With the recent implementation of DEP10, we're meant to be taking a more active role as well.

So we'll start seeking projects and evaluating them together as a board.

And I know Carlton even made a GitHub team for us today

so that we can help review many of PRs whilst Carlton is on holiday.

So the five of us are myself, Andrew Godwin,

Aymeric Augustin, Marcus Holteman, and Simon Charette.

Yeah. Does that answer the question?

Yeah, I think so. Just, I, I think it's, you know, it's a very important board team that I know that not many people, uh, are necessarily aware of. Um, so we've had Andrew on the show. We're actually interviewing Amrick tomorrow. Um, we've had Marcus on and we hope to have Simon on. Um, but you know, when I talked to Carlton about who's really with their sleeves up doing things in Django, uh, all five of you are, I mean,

the mount you know not what is it mount not zeus anyways mount olympus mount olympus thank you

on the mount on the mount olympus of of active django things i have no idea which uh god or

demigod i'd be then probably not a very important one yeah um yeah like everyone on the technical

board yeah i'm impressed with all my fellow technical board members like contributions

I think there's two things that I'd say.

One, to be on the technical board, you have to be active.

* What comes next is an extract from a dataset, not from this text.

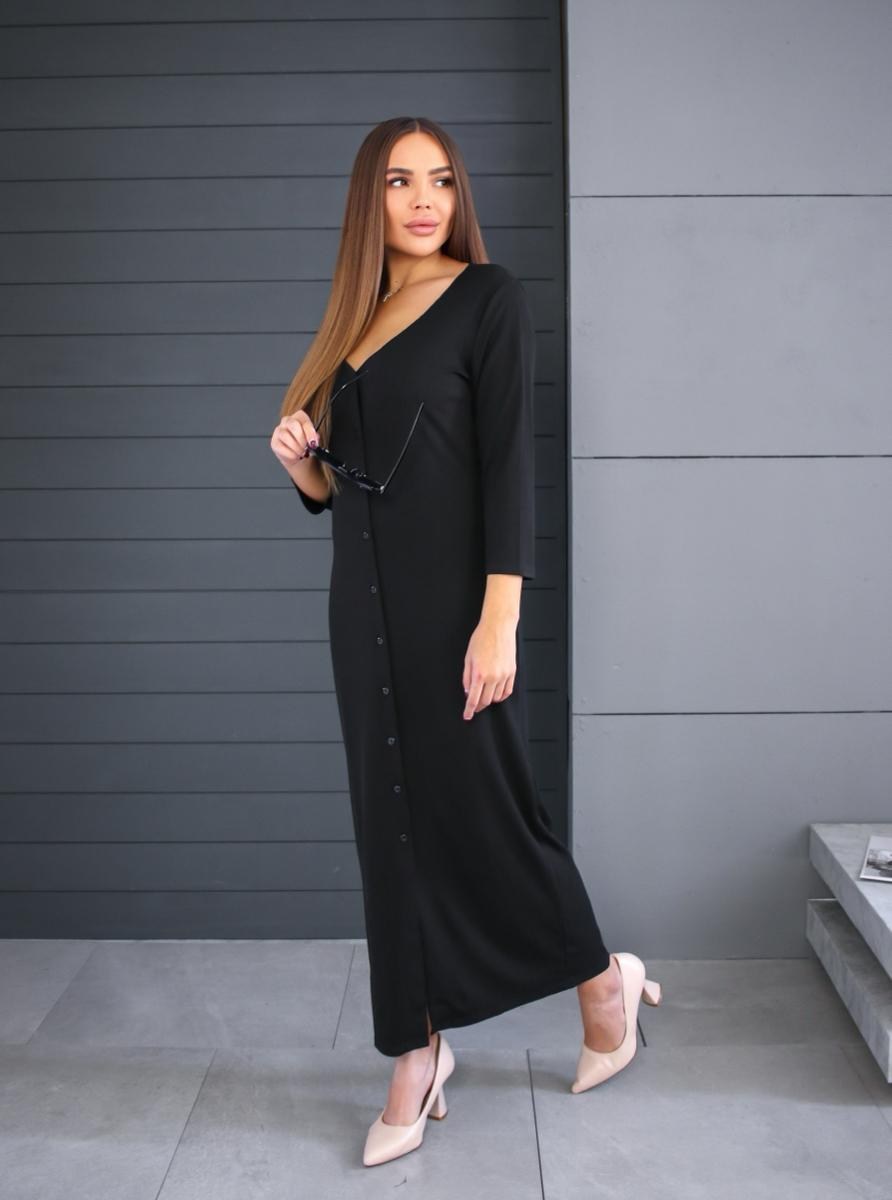 женские платья,платье черное,удлиненное платье,платье платье,трикотажное платье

You have to have a shown history.

To even be a candidate to be on the technical board,

you have to have a shown recent history of active contributions.

So that's one thing.

The second thing is that the technical board,

whilst they're there as this decision-making process,

normally most decisions are reached by a sort of consensus

in the discussion on django developers you know not often i mean recently there's a um a discussion

about um adding type hints to django and there was there's been lots of discussion over several years

and you know lots of proposals and lots of pros and lots of cons and at that point there wasn't

a consensus that came out and so you know we asked the technical board to you know make that decision

but that's quite rare normally you know there's a bit of debate a bit of conversation but

people are like yeah no actually that's the way forward um which is kind of nice i think yes i

think we work pretty well as a community and it's good that we aren't needed to make many big

decisions good thank you yeah i mean we'll link to there there's a team section on the docs um and

it is with depth 10 there'll be a little bit of changes but um so mocking what is mocking and what

makes it dangerous the danger with mocking yes um yeah i i guess there's just generally a trend

to overuse mocking in the python world because it's so easy python as a language lets you do it

well and then unit test dot mock is like um ready and there to go and it can just mock pretty much

anything and so i called my mocking chapter targeted mocking because i think this is really

the key point with mocking is that you should make them as targeted as possible and know what

role they're supposed to be fulfilling when you make them. Whether it's there just to check that

your system calls another system or it's there to stop you from calling the other system.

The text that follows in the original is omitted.